## Task description
A faithful, word-for-word transcription of all the data is what is needed.

===== Task input =====

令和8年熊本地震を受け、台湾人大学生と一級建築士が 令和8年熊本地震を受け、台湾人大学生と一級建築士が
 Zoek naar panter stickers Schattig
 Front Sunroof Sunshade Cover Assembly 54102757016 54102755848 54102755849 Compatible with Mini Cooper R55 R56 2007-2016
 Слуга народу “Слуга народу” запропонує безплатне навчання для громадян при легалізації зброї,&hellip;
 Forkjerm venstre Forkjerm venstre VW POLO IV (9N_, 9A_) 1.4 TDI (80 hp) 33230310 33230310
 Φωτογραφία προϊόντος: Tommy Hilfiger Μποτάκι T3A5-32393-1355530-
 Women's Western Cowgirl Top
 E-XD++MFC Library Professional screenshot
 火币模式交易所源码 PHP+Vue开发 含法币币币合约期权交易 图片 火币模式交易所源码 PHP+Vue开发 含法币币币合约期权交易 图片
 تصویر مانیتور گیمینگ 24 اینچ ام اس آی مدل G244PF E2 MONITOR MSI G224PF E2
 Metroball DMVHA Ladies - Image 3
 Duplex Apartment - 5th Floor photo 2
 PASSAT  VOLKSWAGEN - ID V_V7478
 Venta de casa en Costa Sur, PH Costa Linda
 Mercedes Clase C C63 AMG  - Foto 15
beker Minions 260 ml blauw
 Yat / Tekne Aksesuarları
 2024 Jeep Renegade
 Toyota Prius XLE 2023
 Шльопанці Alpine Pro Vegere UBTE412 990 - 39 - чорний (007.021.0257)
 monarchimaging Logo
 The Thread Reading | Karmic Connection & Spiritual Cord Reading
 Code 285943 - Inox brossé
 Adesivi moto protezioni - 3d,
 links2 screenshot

=====

## Solution below
令和8年熊本地震を受け、台湾人大学生と一級建築士が 令和8年熊本地震を受け、台湾人大学生と一級建築士が
 Zoek naar panter stickers Schattig
 Front Sunroof Sunshade Cover Assembly 54102757016 54102755848 54102755849 Compatible with Mini Cooper R55 R56 2007-2016
 Слуга народу “Слуга народу” запропонує безплатне навчання для громадян при легалізації зброї,&hellip;
 Forkjerm venstre Forkjerm venstre VW POLO IV (9N_, 9A_) 1.4 TDI (80 hp) 33230310 33230310
 Φωτογραφία προϊόντος: Tommy Hilfiger Μποτάκι T3A5-32393-1355530-
 Women's Western Cowgirl Top
 E-XD++MFC Library Professional screenshot
 火币模式交易所源码 PHP+Vue开发 含法币币币合约期权交易 图片 火币模式交易所源码 PHP+Vue开发 含法币币币合约期权交易 图片
 تصویر مانیتور گیمینگ 24 اینچ ام اس آی مدل G244PF E2 MONITOR MSI G224PF E2
 Metroball DMVHA Ladies - Image 3
 Duplex Apartment - 5th Floor photo 2
 PASSAT  VOLKSWAGEN - ID V_V7478
 Venta de casa en Costa Sur, PH Costa Linda
 Mercedes Clase C C63 AMG  - Foto 15
beker Minions 260 ml blauw
 Yat / Tekne Aksesuarları
 2024 Jeep Renegade
 Toyota Prius XLE 2023
 Шльопанці Alpine Pro Vegere UBTE412 990 - 39 - чорний (007.021.0257)
 monarchimaging Logo
 The Thread Reading | Karmic Connection & Spiritual Cord Reading
 Code 285943 - Inox brossé
 Adesivi moto protezioni - 3d,
 links2 screenshot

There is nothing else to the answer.